▸ Entries shown:

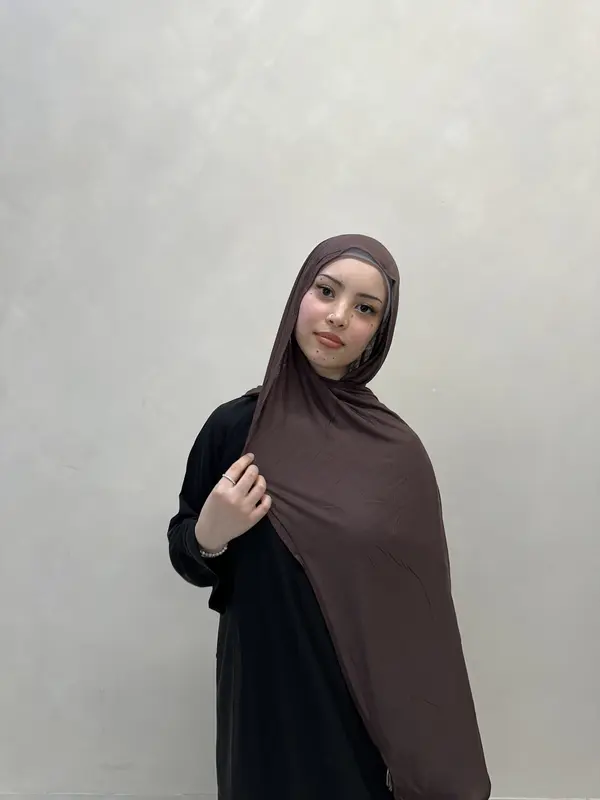 2 For £12 Turkey Premium Double-Stitched Stretchy Jersey Hijab 4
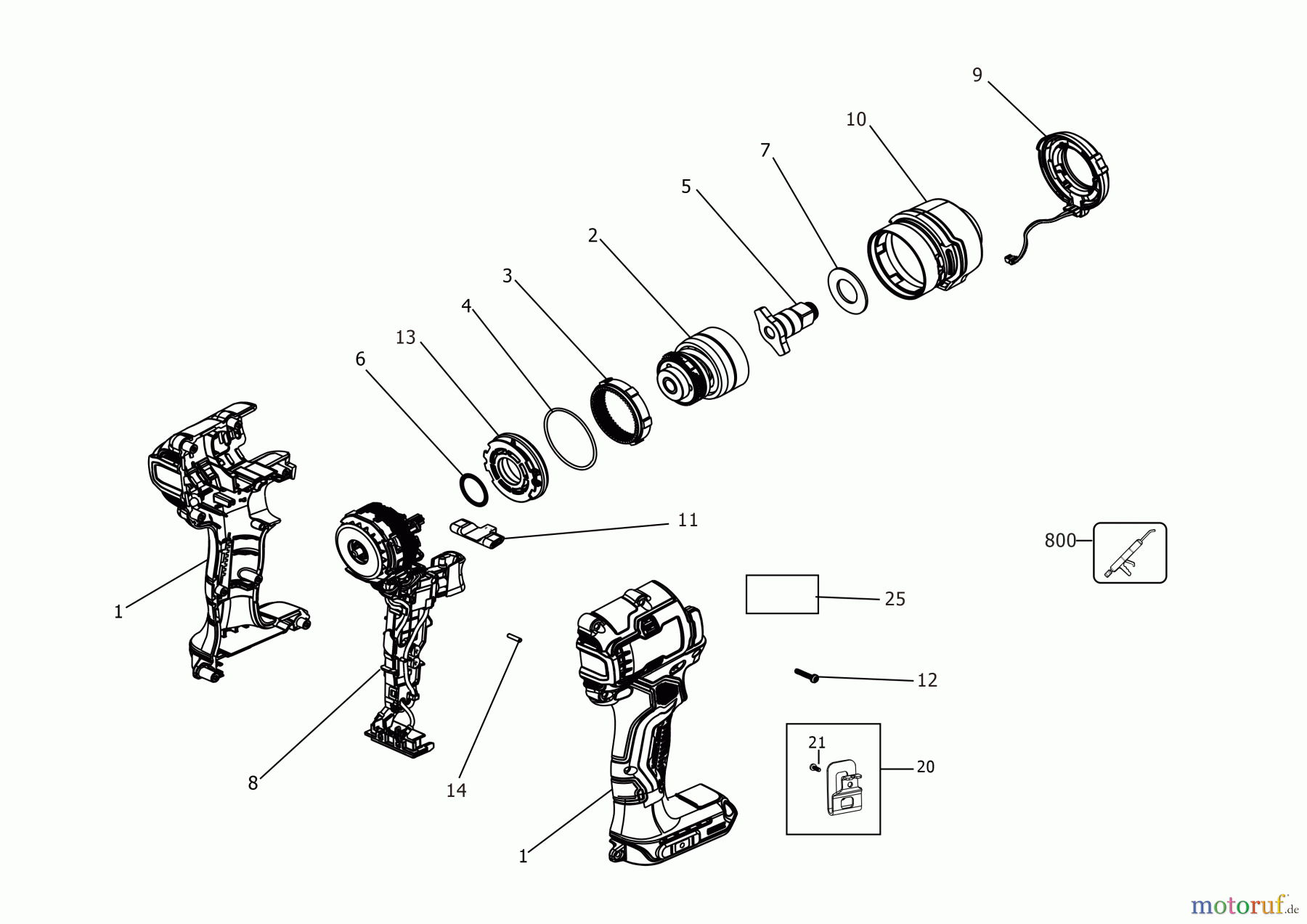 DEWALT Akku Schrauber AKKU DREHMOMENTSCHLÜSSEL DCF911N Seite 1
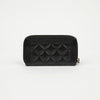 CHANEL キャビアスキン ボーイ ジッパー 中財布 ブラック 159274228 [P]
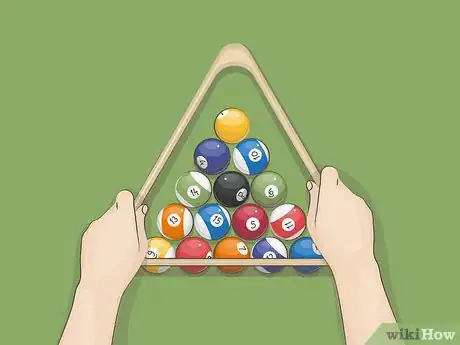 Image titled Rack in 8 Ball Step 10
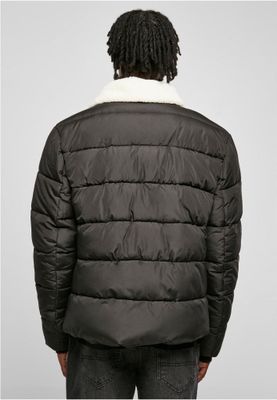 Sherpa Collar Padded Shirt Jacket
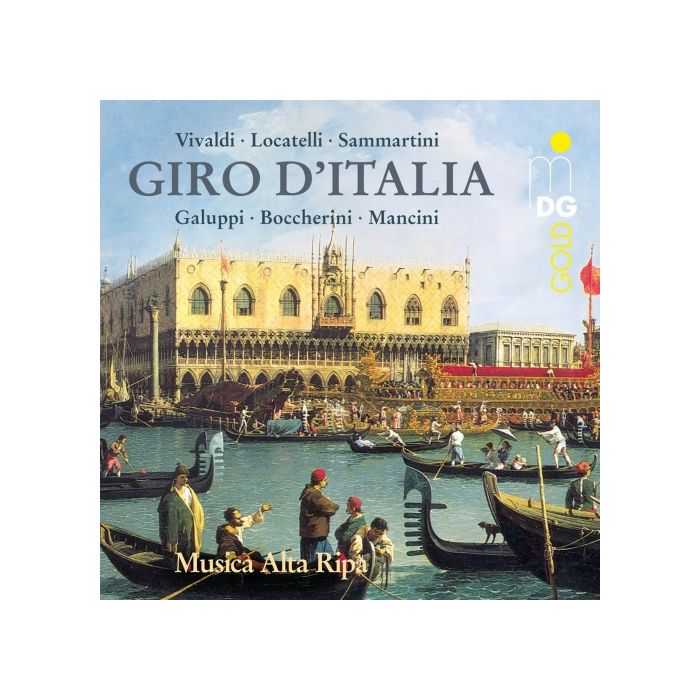 Giro d’Italia - Vivaldi, Galuppi, Boccherini, Mancini, Locatelli, Sammartini: koncerty i sonaty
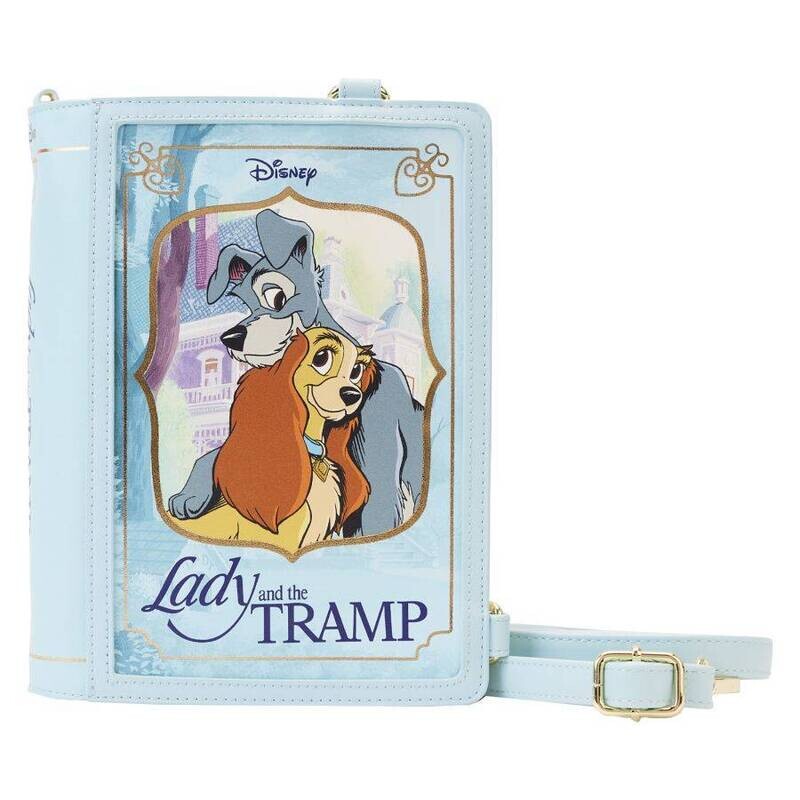 Loungefly Lady and the Tramp - Book Convertible Crossbody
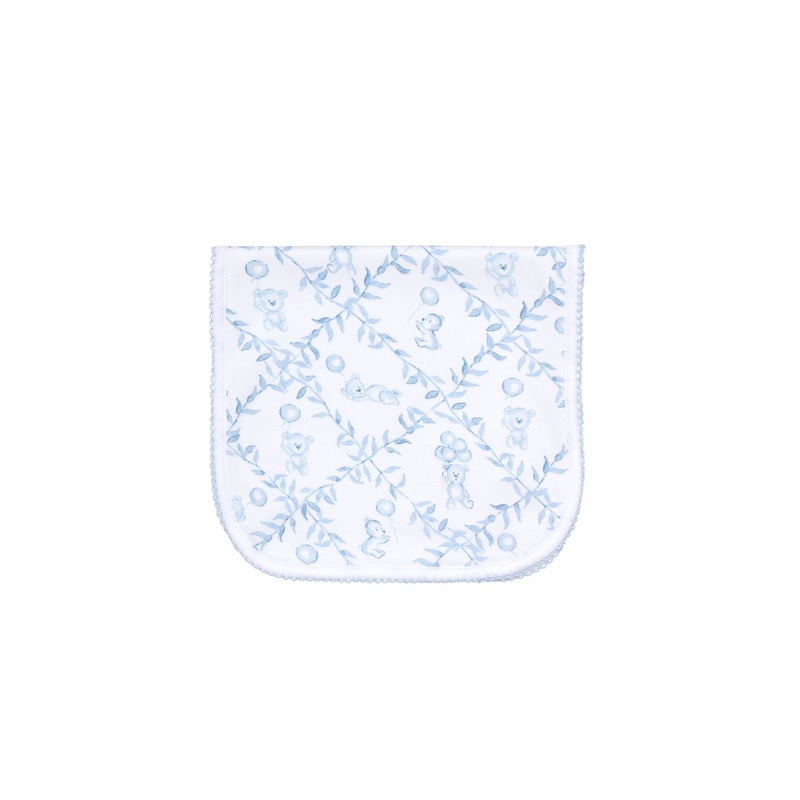 Blue Bears Trellace Burp Cloth Blue One Size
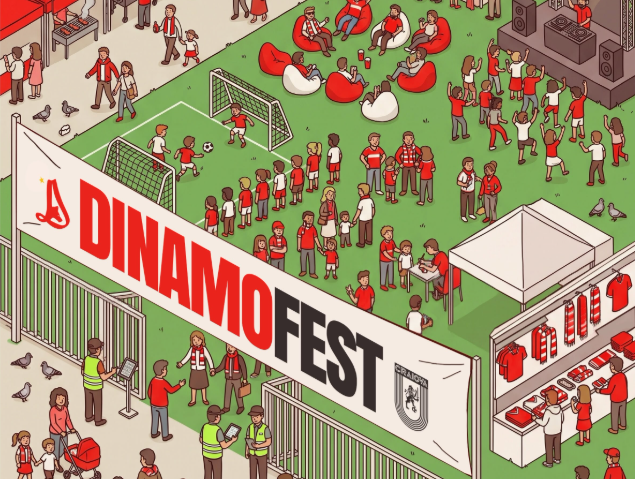 Dinamo lansează DinamoFest, eveniment dedicat suporterilor înaintea meciurilor de pe teren propriu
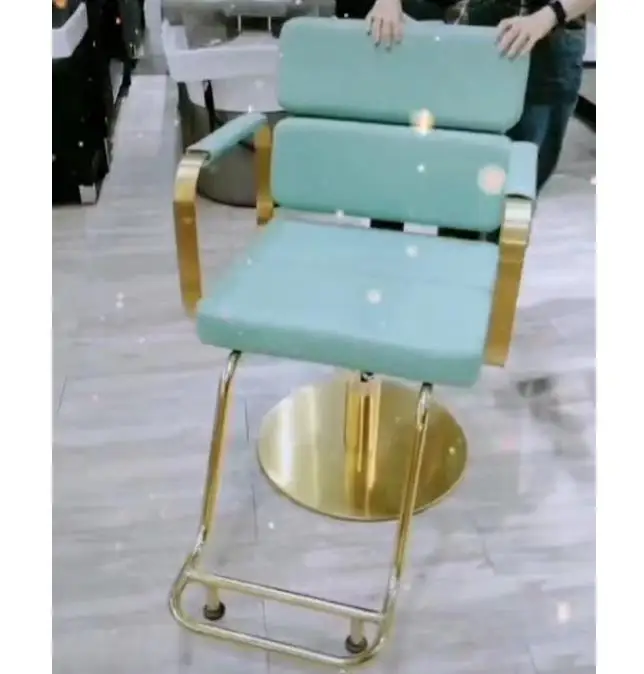# L новейший металлический золотой и синий портативный стул для укладки волос во французском стиле, стулья для приема в салоне красоты
# L новейший металлический золотой и синий портативный стул для укладки волос во французском стиле, стулья для приема в салоне красоты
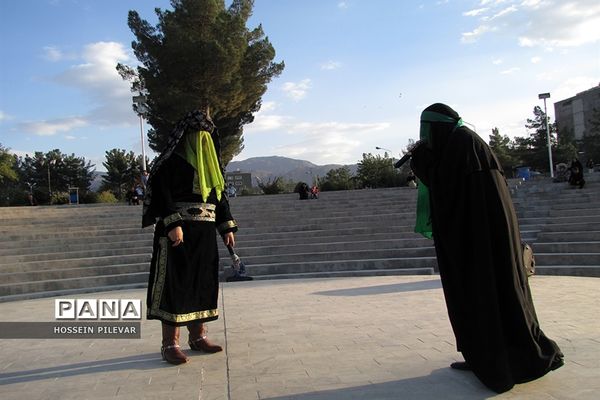 مراسم تعزیه خوانی در پارک توحید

▸ Exercise:
An exact reproduction of all the records is required, with no pictures included.

▸ Output of the exercise:
 2 For £12 Turkey Premium Double-Stitched Stretchy Jersey Hijab 4
 DEWALT Akku Schrauber AKKU DREHMOMENTSCHLÜSSEL DCF911N Seite 1
 CHANEL キャビアスキン ボーイ ジッパー 中財布 ブラック 159274228 [P]
 Image titled Rack in 8 Ball Step 10
 Sherpa Collar Padded Shirt Jacket
 Giro d’Italia - Vivaldi, Galuppi, Boccherini, Mancini, Locatelli, Sammartini: koncerty i sonaty
 Loungefly Lady and the Tramp - Book Convertible Crossbody
 Blue Bears Trellace Burp Cloth Blue One Size
 Dinamo lansează DinamoFest, eveniment dedicat suporterilor înaintea meciurilor de pe teren propriu
# L новейший металлический золотой и синий портативный стул для укладки волос во французском стиле, стулья для приема в салоне красоты
# L новейший металлический золотой и синий портативный стул для укладки волос во французском стиле, стулья для приема в салоне красоты
 مراسم تعزیه خوانی در پارک توحید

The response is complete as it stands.